Malatya Ticaret Sanayi Odası ziyaretine ilişkin konuşan Dinç, deprem sürecinden sonra Malatya'da etkilenmeyen hiçbir esnafın bulunmadığını belirtti.

Dinç, "Özellikle onların şikâyet ettiği konuların başında; iş yerleri için verilen konteynerlerin dağınık olması, bunların planlı bir şekilde olmaması ciddi mağduriyetler yaşatıyor. Örneğin kuyumcuların bir arada olması, telefoncuların bir arada olması, baharatçıların bir arada olması vesaire. Bu konuda hem vatandaşın belki ihtiyaçlarına rahat ulaşmasını sağlayacaktı. Hem de bu sektörde çalışan esnaf kardeşlerimiz de rahat bir şekilde işletmelerini sürdüreceklerdi. Bu konuda çok sıkıntılar var." ifadelerini kullandı.

Depremden en çok etkilenen yerlerden biri olan Akçadağ ilçesine dair gözlemlerini paylaşan Dinç, Akçadağ'da özellikle rezerv alanlarıyla ilgili net bir bilgilendirmenin olmamasının vatandaşı ciddi bir şekilde mağdur ettiğini vurguladı. Dinç, ilçede konuta duyulan ihtiyacın büyük olduğunu, yapımına başlanan konutların bir an önce bitirilememesinin de vatandaşları mağdur eden konular arasında bulunduğunu kaydetti.

Gazze'deki soykırım

Malatya ziyaretleri kapsamında STK temsilcilerine ve kanaat önderlerine de ziyaretler gerçekleştirdiklerini hatırlatan Dinç, özellikle bu ziyaretlerde Gazze'de yaşanan soykırıma değindiklerini aktardı.

Milletvekili Dinç, "Şu an gündemde olan ve bir yıla yakındır Gazze'de, Filistin'de katledilen o mazlum insanların, kadınların, çocukların, sivillerin dramı hepimizin yüreğini parçalamıştır ve haydut işgalci israil bu soykırımlarına halen devam ediyor.

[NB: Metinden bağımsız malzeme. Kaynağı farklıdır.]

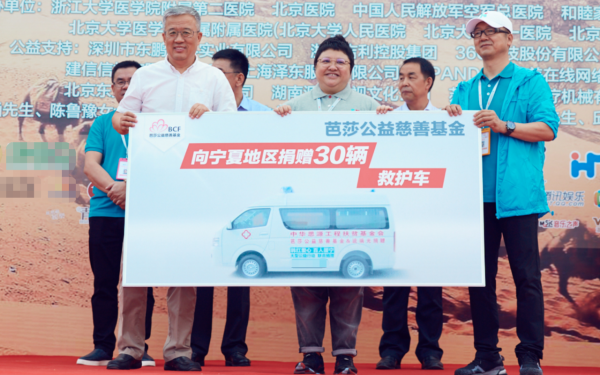 劉曉慶閨蜜是郎平,跳水皇后閨蜜是歌手?名人圈閨蜜組合太神奇 劉曉慶閨蜜是郎平,跳水皇后閨蜜是歌手?名人圈閨蜜組合太神奇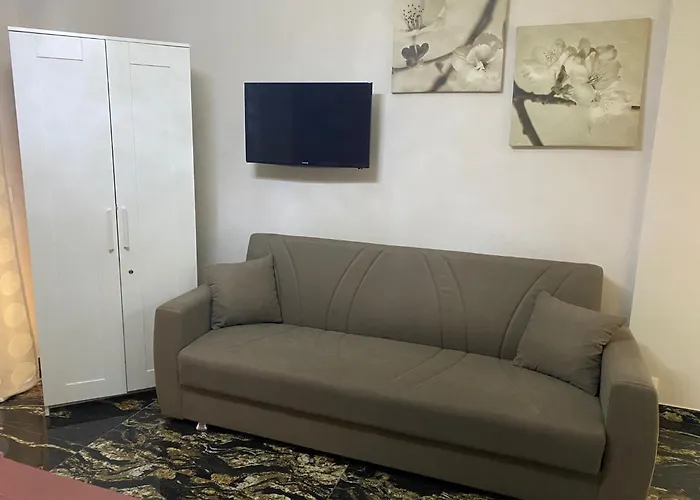 Hotel Jacuzzi: Suite And Room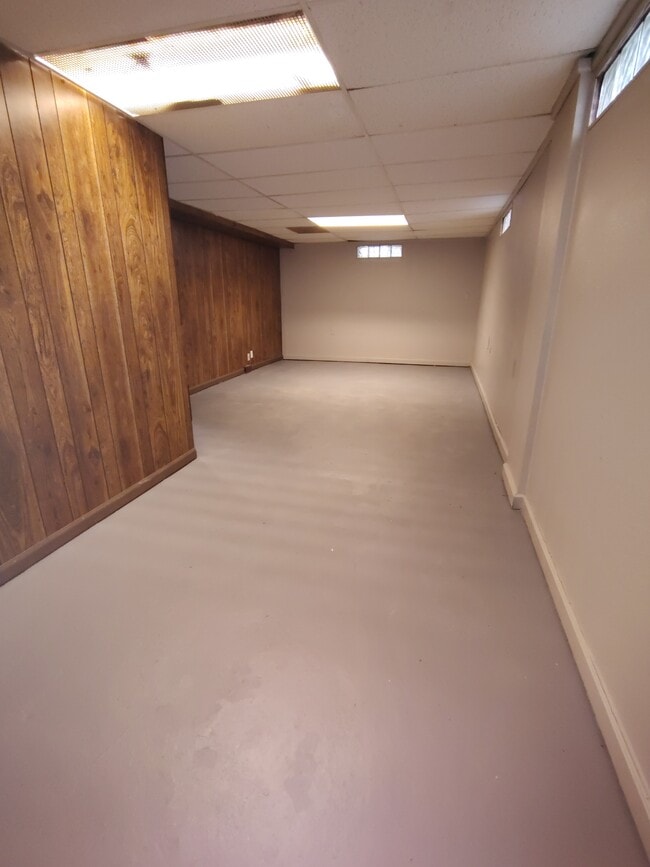 Building Photo - 2407 Custer Ave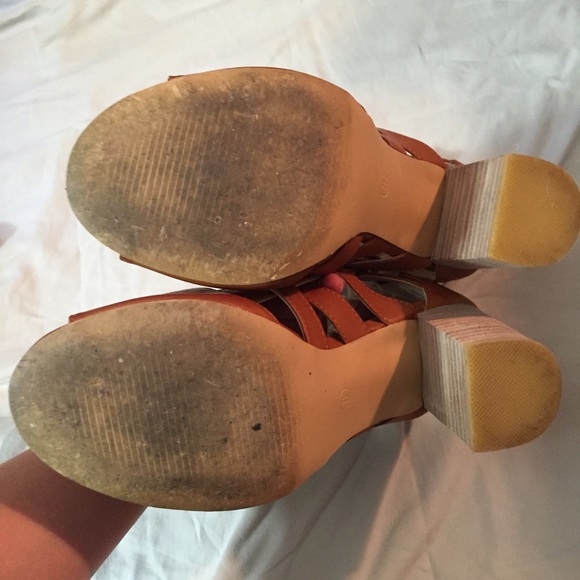 🚫SOLD🚫 - Picture 2 of 4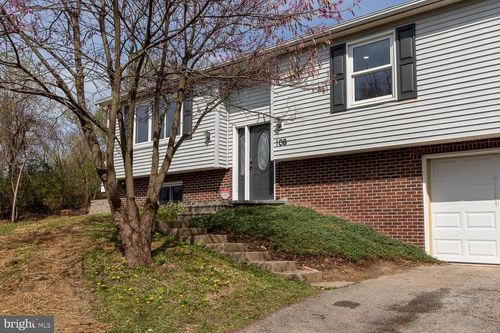 108 Melanie Ln, PLEASANT GAP, PA, 16823-9686 | Card Image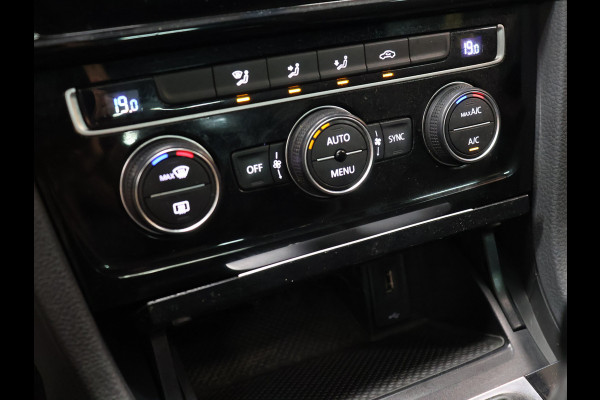 Volkswagen Golf 1.5 TSI Highline [SCHUIFKANTELDAK, APPLE CARPLAY, ANDROID, CAMERA, PDC V+A, ADAPTIVE CRUISE, TREKHAAK, DIGITAL DASH, LED, BLUETOOTH, NAVIGATIE, NIEUWSTAAT]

Bu konuda özellikle kanaat önderlerimiz de sivil toplum kuruluşlarımız da bu konuda ciddi mustariptiler. Maalesef işgalci israil hiçbir ilke tanımıyor. Hiçbir kural, hiçbir ahlak ve hiçbir uluslararası hukuku tanımadan tüm insan haklarını ihlal ediyor. Tüm hukukları çiğniyor. Maalesef dünyanın gözleri önünde bir soykırım gerçekleştiriyor. Bu konuda dünya ülkeleri özellikle liderleri, yöneticileri körleri, sağırları oynamaya devam ediyor. Batı barbarlığı tekrardan iç yüzünü ortaya koymuştur. Hep böyle süslü kelimelerle bizi kandıranlar, uluslararası hukuk diyenler, insan hakları diyenler, çocuk hakları diyenler, kadın hakları diyenlerin aslında bu kavramları toplumu aldatmak için kullandıkları tekrardan gün yüzüne çıkmıştır. Bu yönüyle aslında belki Gazze'deki o mazlumlar, o çocuklar, o kadınlar dünyanın bu maskesini düşürdü. Bunların sahtekarlığını net bir şekilde ortaya koydu." ifadelerini kullandı.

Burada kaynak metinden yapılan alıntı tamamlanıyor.